An alternative (and possibly more efficient way) would be to
expand/shrink the capacity of each DATA packet to match the MTU and
thus save on header and tail-gap overhead, but the Rx protocol does
not provide a mechanism for splitting the data - especially as the
transported data is encrypted per-packet - and so UDP fragmentation
would be the only way to handle this.

In fact, in the future, AF_RXRPC also needs to look at shrinking the
packet size where the MTU is smaller - for instance in the case of
being carried by IPv6 over wifi where there isn't capacity for a 1412
byte capacity.

(2) RACK-TLP to manage packet loss and retransmission in conjunction with
the congestion control algorithm.

These allow for better data throughput and work towards being able to have
larger transmission windows.

To this end, the following changes are also made:

(1) Use a single large array of kvec structs for the I/O thread rather
than having one per transmission buffer. We need a much bigger
collection of kvecs for ping padding

(2) Implement path-MTU probing by sending padded PING ACK packets and
monitoring for PING RESPONSE ACKs. The pmtud value determined is used
to configure the construction of jumbo DATA packets.

(3) The transmission queue is changed from a linked list of transmission
buffer structs to a linked list of transmission-queue structs, each of
which points to either 32 or 64 transmission buffers (depending on cpu
word size) and various bits of metadata are concentrated in the queue
structs rather than the buffers to make better use of the cpu cache.

(4) SACK data is stored in the transmission-queue structures in batches of
32 or 64 making it faster to process rather than being spread amongst
all the individual packet buffers.

(5) Don't change the DF flag on the UDP socket unless we need to - and
basically only enable it for path-MTU probing.

There are also some additional bits:

(1) Fix the handling of connection aborts to poke the aborted connections.

(2) Don't set the MORE-PACKETS Rx header flag on the wire. No one
actually checks it and it is, in any case, generated inconsistently
between implementations.

(3) Request an ACK when, during call transmission, there's a stall in the
app generating the data to be transmitted.

(4) Fix attention starvation in the I/O thread by making sure we go
through all outstanding events rather than returning to the beginning
of the check cycle after any time we process an event.

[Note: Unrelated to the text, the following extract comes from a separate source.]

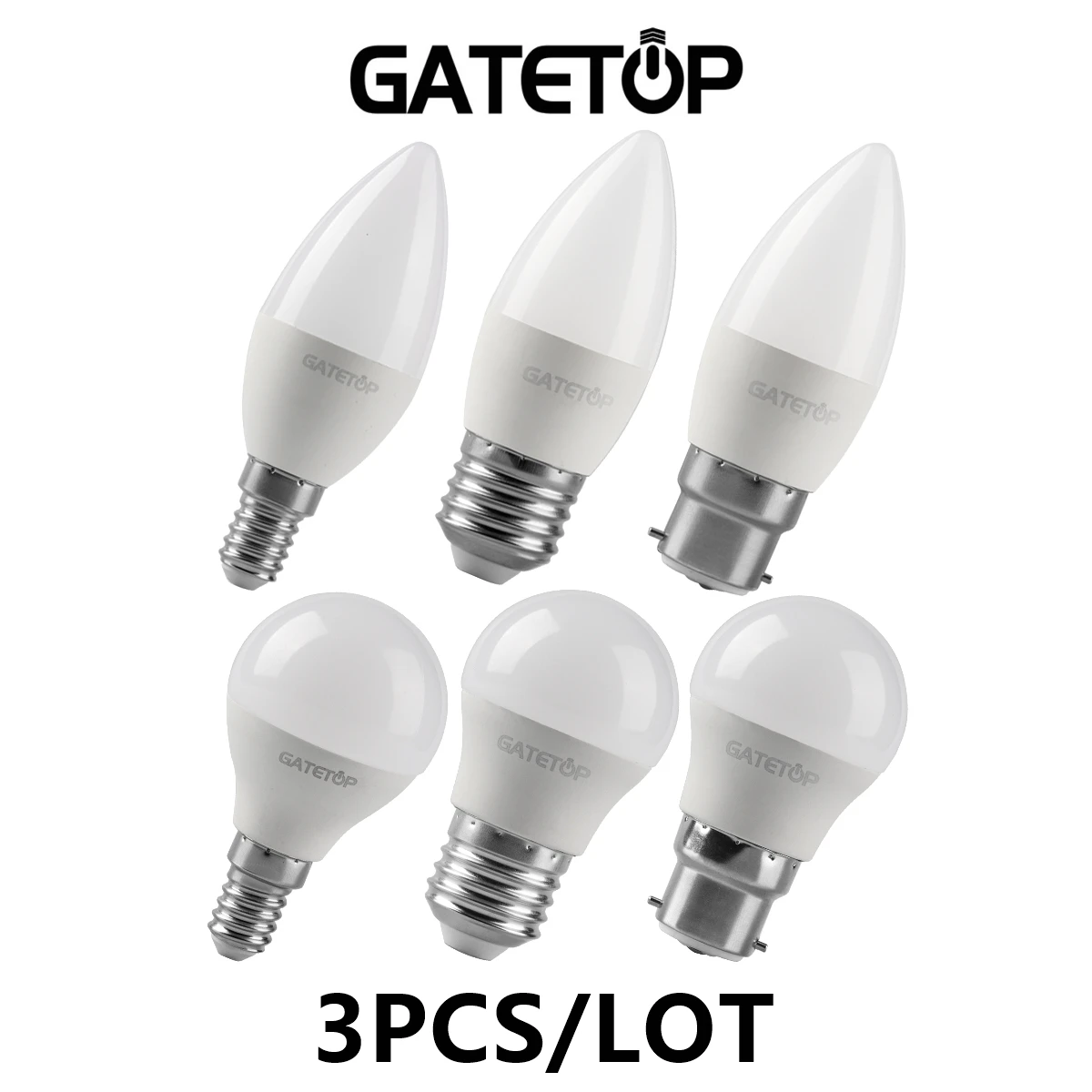 LED candle light mini bulb C37 G45 AC3P 110V AC220V E14 E27 B22 light head flicker-free 3W-7W suitable for office study lighting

(5) Don't use the skbuff timestamp in the calculation of timeouts and RTT
as we really should include local processing time in that too.
Further, getting receive skbuff timestamps may be expensive.

(6) Make RTT tracking per call with the saving of the value between calls,
even within the same connection channel. The initial call timeout
starts off large to allow the server time to set up its state before
the initial reply.

(7) Don't allocate txbuf structs for ACK packets, but rather use page
frags and MSG_SPLICE_PAGES.

(8) Use irq-disabling locks for interactions between app threads and I/O
threads so that the I/O thread doesn't get help up.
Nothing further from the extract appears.